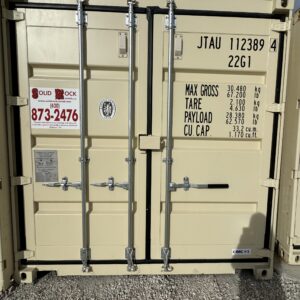 20 FT Container (New) (O112389)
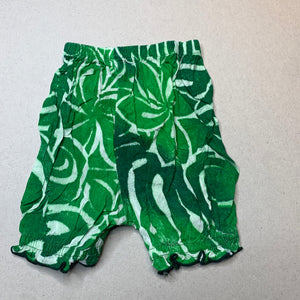 unisex lightweight, pants / bottoms, elasticated, GUC, size 000,  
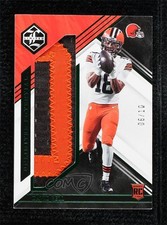 2022 Panini Limited Unlimited Potential Emerald Spotlight 6/10 David Bell 13r8
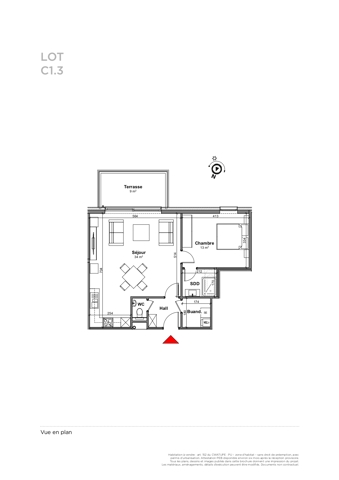 Appartement - à vendre - 7500 Tournai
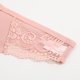 thumbnail image 3 of Gibobby Verano calzoncillos adelgazantes Nueva camiseta encaje sexy tiro bajo para mujer Ropa interior transpirable fina y （Rosa， S), 3 of 5
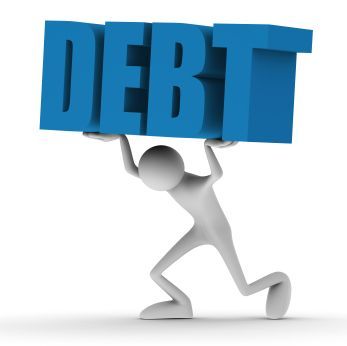 your debt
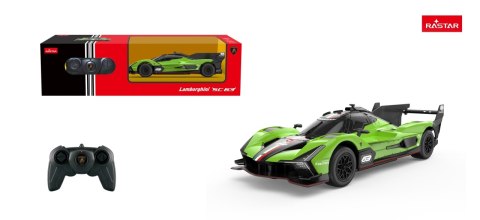 Autko R/C 1:24 Lamborghini SC63 Zielony RASTAR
--------------------------------------------------
* _What you will do_:
Pictures in the records are to be left out; repeat everything else exactly.

* _Problem solution_:
 20 FT Container (New) (O112389)
 unisex lightweight, pants / bottoms, elasticated, GUC, size 000,  
 2022 Panini Limited Unlimited Potential Emerald Spotlight 6/10 David Bell 13r8
 Appartement - à vendre - 7500 Tournai
 thumbnail image 3 of Gibobby Verano calzoncillos adelgazantes Nueva camiseta encaje sexy tiro bajo para mujer Ropa interior transpirable fina y （Rosa， S), 3 of 5
 your debt
 Autko R/C 1:24 Lamborghini SC63 Zielony RASTAR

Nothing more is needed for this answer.